Fisetin is a senotherapeutic that extends health and lifespan

Matthew J Yousefzadeh, Yi Zhu, Sara J McGowan, Luise Angelini, Heike Fuhrmann-Stroissnigg, Ming Xu, Yuan Yuan Ling, Kendra I Melos, Tamar Pirtskhalava, Christina L Inman, Collin McGuckian, Erin A Wade, Jonathon I Kato, Diego Grassi, Mark Wentworth, Christin E Burd, Edgar A Arriaga, Warren L Ladiges, Tamara Tchkonia, James L Kirkland, Paul D Robbins, Laura J Niedernhofer, Matthew J Yousefzadeh, Yi Zhu, Sara J McGowan, Luise Angelini, Heike Fuhrmann-Stroissnigg, Ming Xu, Yuan Yuan Ling, Kendra I Melos, Tamar Pirtskhalava, Christina L Inman, Collin McGuckian, Erin A Wade, Jonathon I Kato, Diego Grassi, Mark Wentworth, Christin E Burd, Edgar A Arriaga, Warren L Ladiges, Tamara Tchkonia, James L Kirkland, Paul D Robbins, Laura J Niedernhofer

Abstract

Background: Senescence is a tumor suppressor mechanism activated in stressed cells to prevent replication of damaged DNA. Senescent cells have been demonstrated to play a causal role in driving aging and age-related diseases using genetic and pharmacologic approaches. We previously demonstrated that the combination of dasatinib and the flavonoid quercetin is a potent senolytic improving numerous age-related conditions including frailty, osteoporosis and cardiovascular disease. The goal of this study was to identify flavonoids with more potent senolytic activity.

Methods: A panel of flavonoid polyphenols was screened for senolytic activity using senescent murine and human fibroblasts, driven by oxidative and genotoxic stress, respectively. The top senotherapeutic flavonoid was tested in mice modeling a progeroid syndrome carrying a p16INK4a-luciferase reporter and aged wild-type mice to determine the effects of fisetin on senescence markers, age-related histopathology, disease markers, health span and lifespan. Human adipose tissue explants were used to determine if results translated.
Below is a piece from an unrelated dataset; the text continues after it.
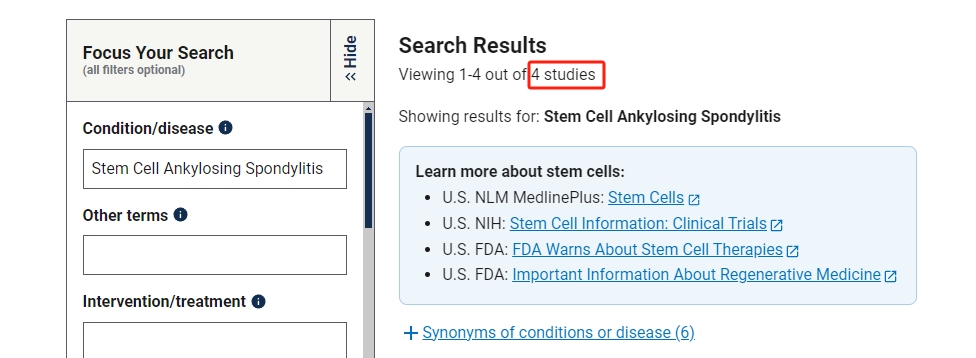 干細胞治療強直性脊柱炎臨床研究項目有4項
Findings: Of the 10 flavonoids tested, fisetin was the most potent senolytic. Acute or intermittent treatment of progeroid and old mice with fisetin reduced senescence markers in multiple tissues, consistent with a hit-and-run senolytic mechanism. Fisetin reduced senescence in a subset of cells in murine and human adipose tissue, demonstrating cell-type specificity. Administration of fisetin to wild-type mice late in life restored tissue homeostasis, reduced age-related pathology, and extended median and maximum lifespan.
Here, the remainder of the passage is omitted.